[EXCERPTED DATA Boundary: Start]

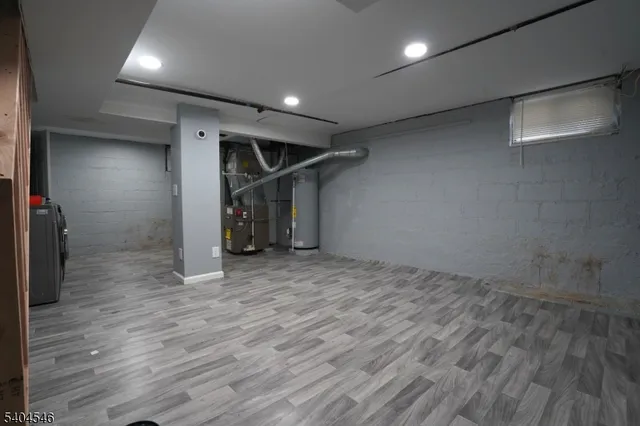 an empty room with wooden floor and closet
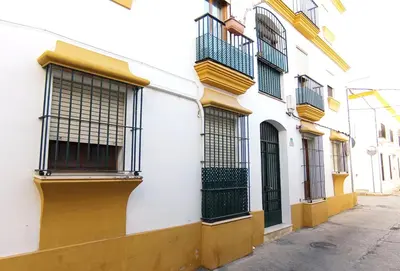 a white building with black barred windows on a street at Apartamento Rústico_Centrico in El Puerto de Santa María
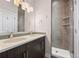 Modern bathroom with dual sinks, dark wood cabinets, vanity mirror, tile shower and overhead lighting at 2741 W 28Th Ave # 2, Denver, CO 80211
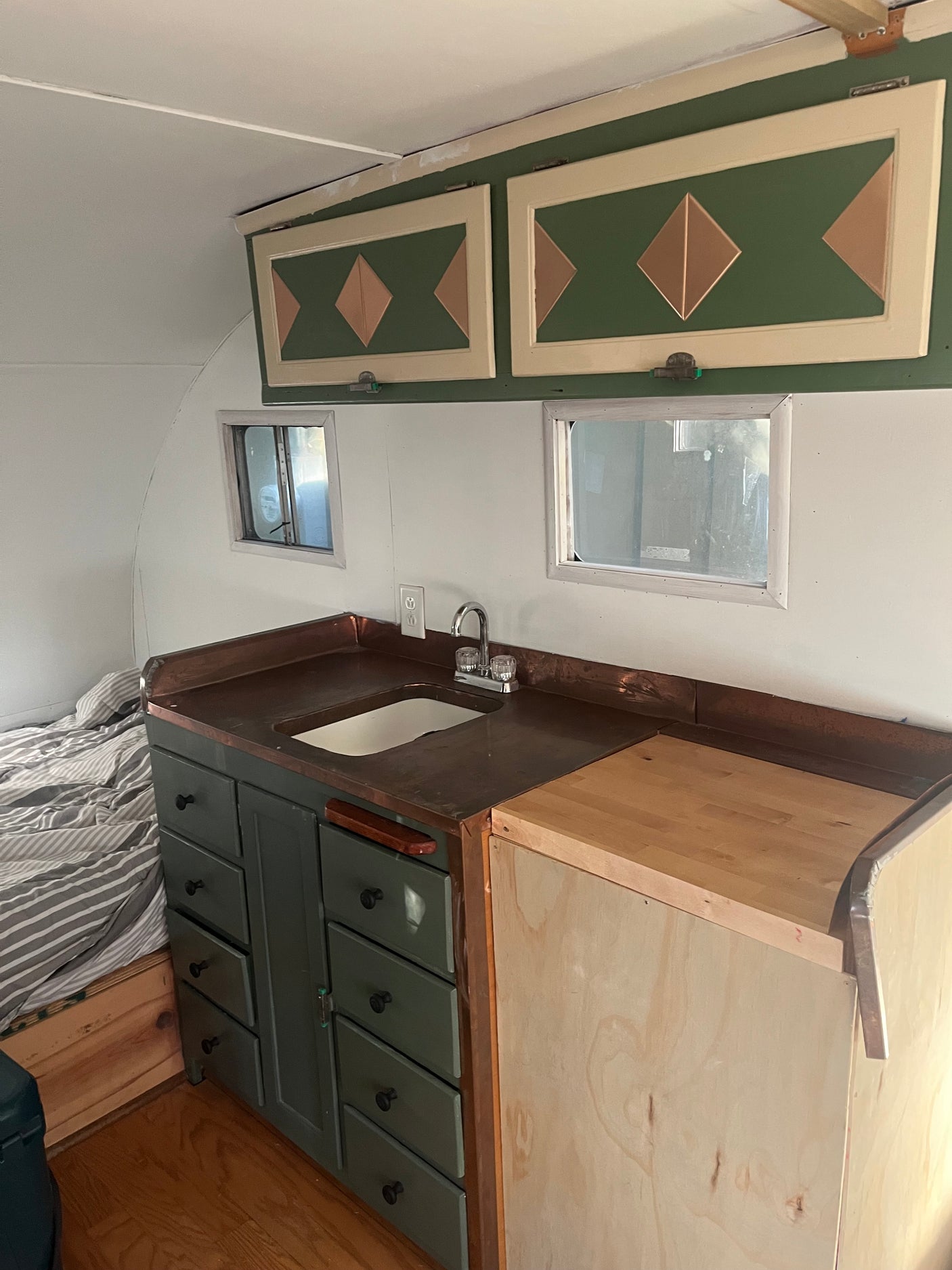 Cozy RV rental interior: custom green kitchen with copper counters, built-in sink, decorative cabinets, and bed.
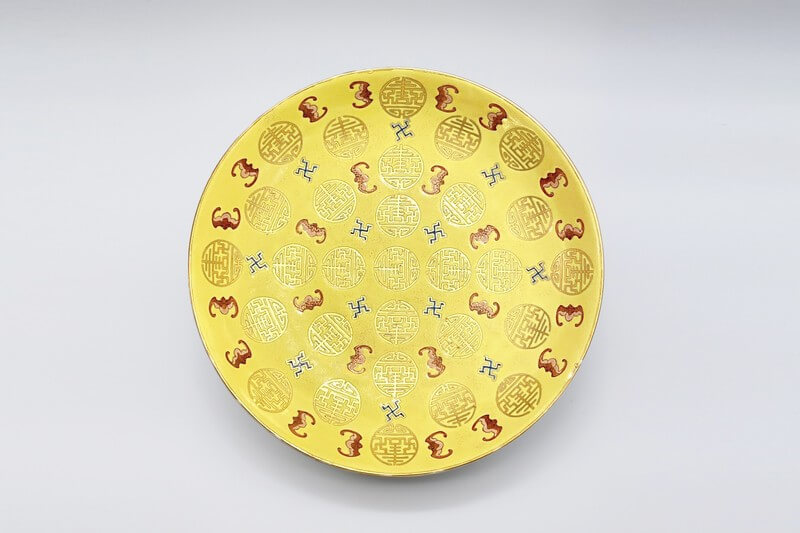A good and rare yellow ground famille rose ‘Longevity’ dish 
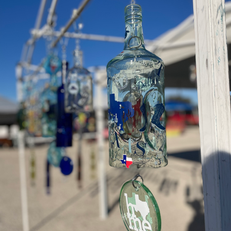 A group of glass bottles hang from a metal pole by wires.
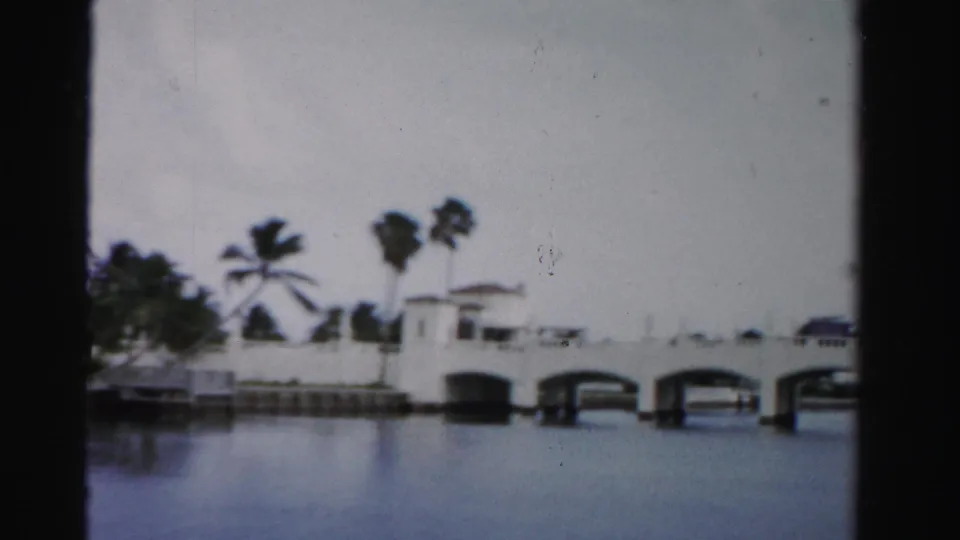 White arched bridge spanning a canal in Dade County, with palms and low waterfront structures visible behind it.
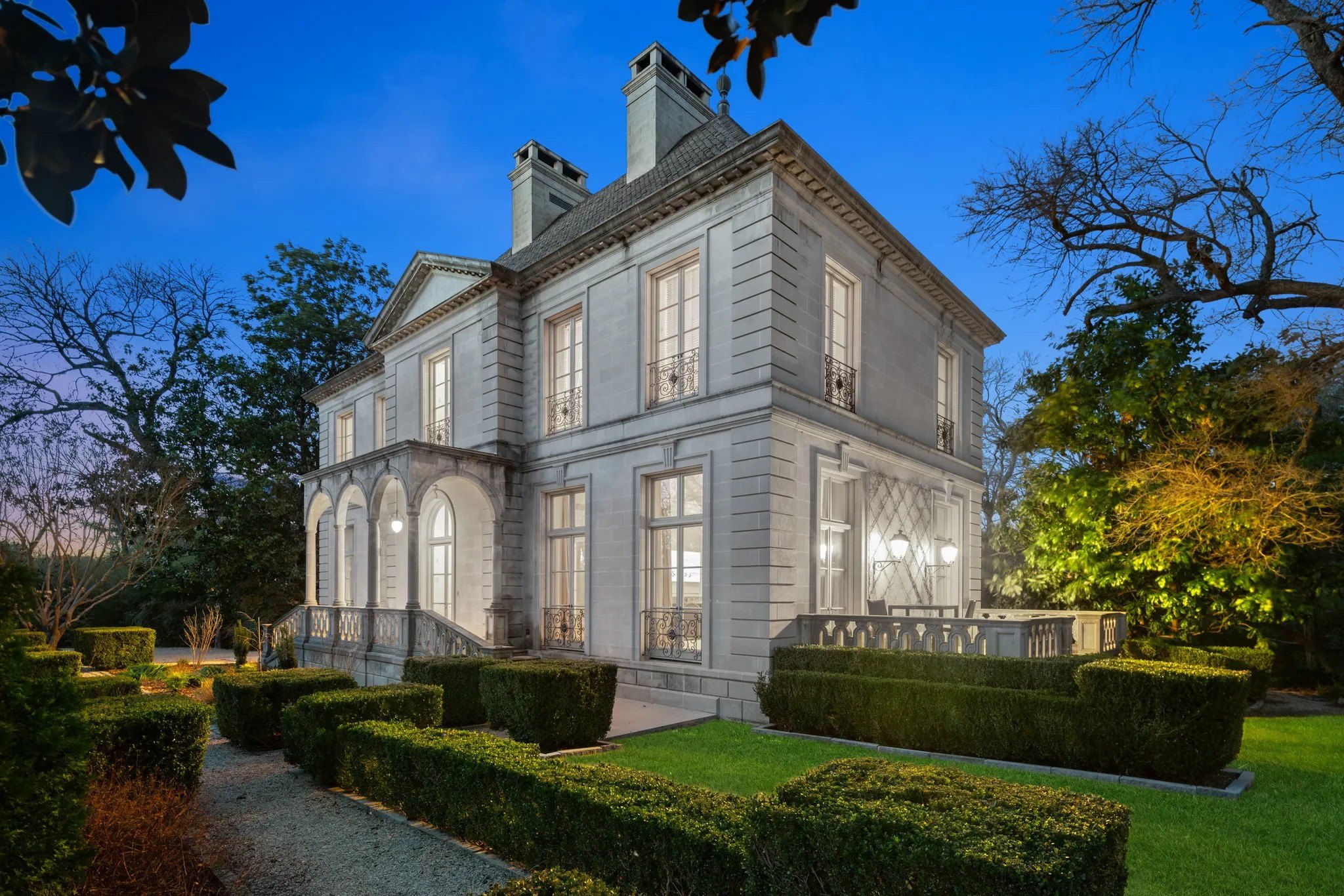 The grand guest house is made of the same limestone used on the main house.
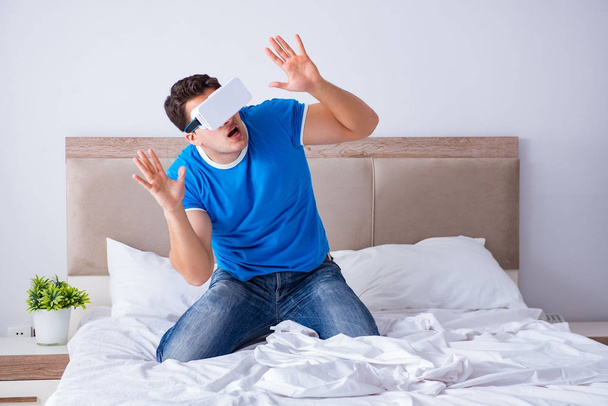 Молодий чоловік у ліжку в наборі голови віртуальної реальності vr
 - Фото, зображення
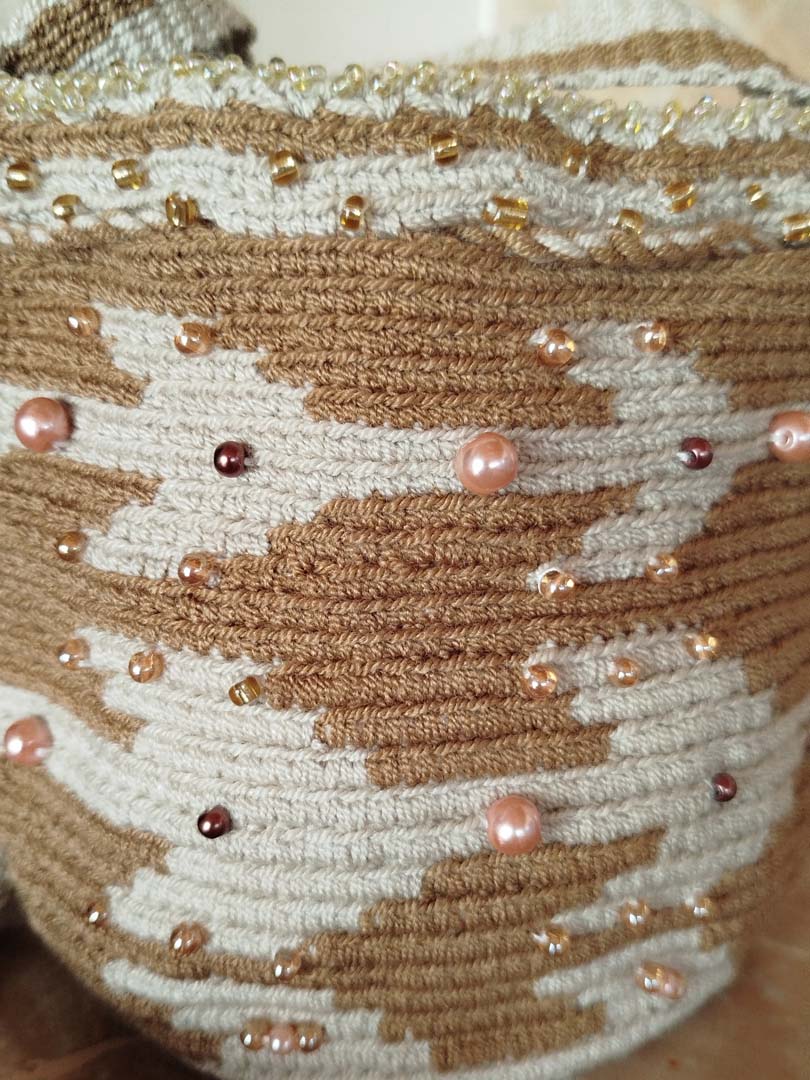 Brown-and-beige crocheted Wayuu mochila bag with a tan geometric pattern, gold bead trim and twin tassels on the drawstring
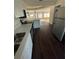Modern kitchen with stainless appliances, white cabinets, and an island that overlooks an open living space at 321 David Ave, Clearwater, FL 33759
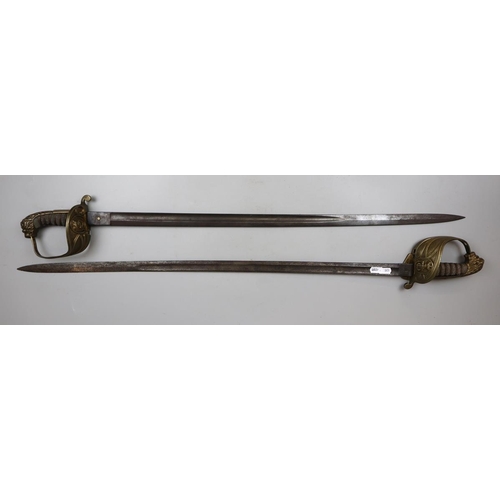 242 - Pair of 1827 lions head naval officers swords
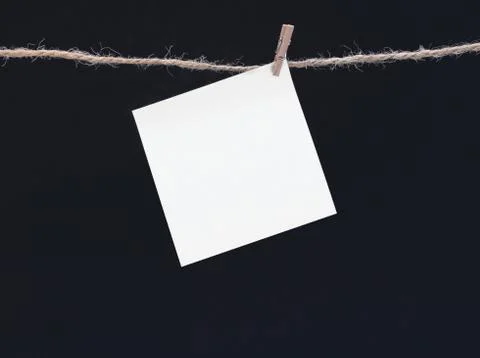 A white square piece of note paper hangs on clothespins on a black background Stock Photos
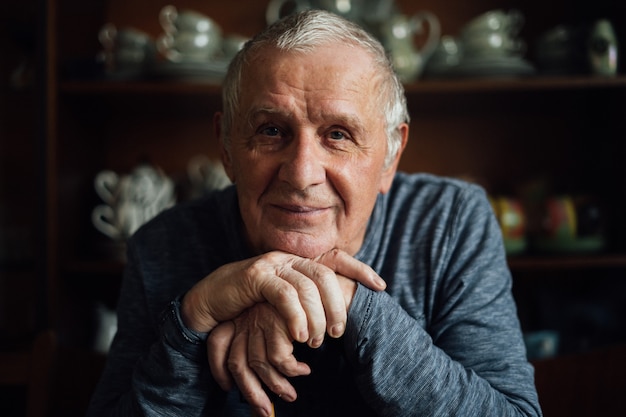 Elderly man with walking stick sitting at home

[EXCERPTED DATA Boundary: End]

▶ **DIRECTIONS FOR THIS TASK**
Would you repeat exactly, and only, the lines from the start of the records above through the line containing "A group of glass", with the pictures omitted?

▶ **EXERCISE OUTPUT**
 an empty room with wooden floor and closet
 a white building with black barred windows on a street at Apartamento Rústico_Centrico in El Puerto de Santa María
 Modern bathroom with dual sinks, dark wood cabinets, vanity mirror, tile shower and overhead lighting at 2741 W 28Th Ave # 2, Denver, CO 80211
 Cozy RV rental interior: custom green kitchen with copper counters, built-in sink, decorative cabinets, and bed.
A good and rare yellow ground famille rose ‘Longevity’ dish 
 A group of glass bottles hang from a metal pole by wires.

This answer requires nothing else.